Los recuerdos de la niñez saben, huelen y suenan.
La voz de Milanés salía de aquel equipo de música las mañanas de los sábados. Mis padres acompañaban las tareas domésticas con la música del cubano; también de Aute, Víctor Manuel, Cecilia o Sabina.
Ni en la más impertinente adolescencia me rebelé contra los gustos musicales de aquella joven pareja que disfrutaba escuchando letras comprometidas de libertad, amor y justicia.
Sus gustos los hice míos y quise escuchar más, saber más.

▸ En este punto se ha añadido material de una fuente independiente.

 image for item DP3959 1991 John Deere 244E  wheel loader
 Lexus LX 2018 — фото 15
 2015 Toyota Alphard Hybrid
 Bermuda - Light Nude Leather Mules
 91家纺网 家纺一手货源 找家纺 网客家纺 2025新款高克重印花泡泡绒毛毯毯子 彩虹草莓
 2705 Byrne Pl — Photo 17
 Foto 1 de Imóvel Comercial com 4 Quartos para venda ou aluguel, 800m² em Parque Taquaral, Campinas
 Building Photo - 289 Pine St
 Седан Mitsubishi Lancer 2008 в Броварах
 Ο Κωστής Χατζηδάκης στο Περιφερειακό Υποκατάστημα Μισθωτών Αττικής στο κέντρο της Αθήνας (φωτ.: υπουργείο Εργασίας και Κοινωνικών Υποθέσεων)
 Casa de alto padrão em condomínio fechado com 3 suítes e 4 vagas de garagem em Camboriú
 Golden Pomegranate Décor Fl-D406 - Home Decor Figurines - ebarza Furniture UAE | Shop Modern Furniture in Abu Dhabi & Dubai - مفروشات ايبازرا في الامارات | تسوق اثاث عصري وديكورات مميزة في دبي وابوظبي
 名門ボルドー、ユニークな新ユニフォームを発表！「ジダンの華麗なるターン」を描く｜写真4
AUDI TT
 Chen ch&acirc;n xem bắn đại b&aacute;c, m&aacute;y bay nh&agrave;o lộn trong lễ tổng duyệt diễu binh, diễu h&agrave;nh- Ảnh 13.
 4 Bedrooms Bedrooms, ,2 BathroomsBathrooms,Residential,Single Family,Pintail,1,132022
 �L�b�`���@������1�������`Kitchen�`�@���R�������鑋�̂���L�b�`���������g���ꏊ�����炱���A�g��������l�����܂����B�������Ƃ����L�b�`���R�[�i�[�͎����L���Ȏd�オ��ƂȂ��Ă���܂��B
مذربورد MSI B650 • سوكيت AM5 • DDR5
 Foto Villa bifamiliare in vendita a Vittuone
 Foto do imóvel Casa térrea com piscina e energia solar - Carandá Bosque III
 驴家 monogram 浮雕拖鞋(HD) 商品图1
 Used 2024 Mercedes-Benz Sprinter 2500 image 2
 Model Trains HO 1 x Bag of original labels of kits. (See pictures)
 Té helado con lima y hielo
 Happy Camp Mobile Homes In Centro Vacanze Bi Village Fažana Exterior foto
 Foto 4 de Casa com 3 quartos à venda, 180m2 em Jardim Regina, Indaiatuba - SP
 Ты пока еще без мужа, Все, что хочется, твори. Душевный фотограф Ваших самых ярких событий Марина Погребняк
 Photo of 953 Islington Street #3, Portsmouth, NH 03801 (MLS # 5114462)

De este modo, encontré al dueño de aquella dulce voz, al poeta de gesto amable y convicciones políticas firmes.
Admiro a Pablo Milanés al margen de su ideología —es estúpido juzgar al arte a través de la lupa del pensamiento político— aunque también respeto su credo político, tan revolucionario como para ser crítico con la propia revolución.
Sus cantos, a la mujer amada que corresponde y también a la que se va, a la libertad recobrada tras el terror, son una maravillosa definición de la belleza.
El trovador de mirada tierna y sonrisa sincera se ha ido.
Triste noticia, solo mitigable con la seguridad de que muchos seguirán acompañando sus recuerdos con su voz, para así ser Eternamente Milanés.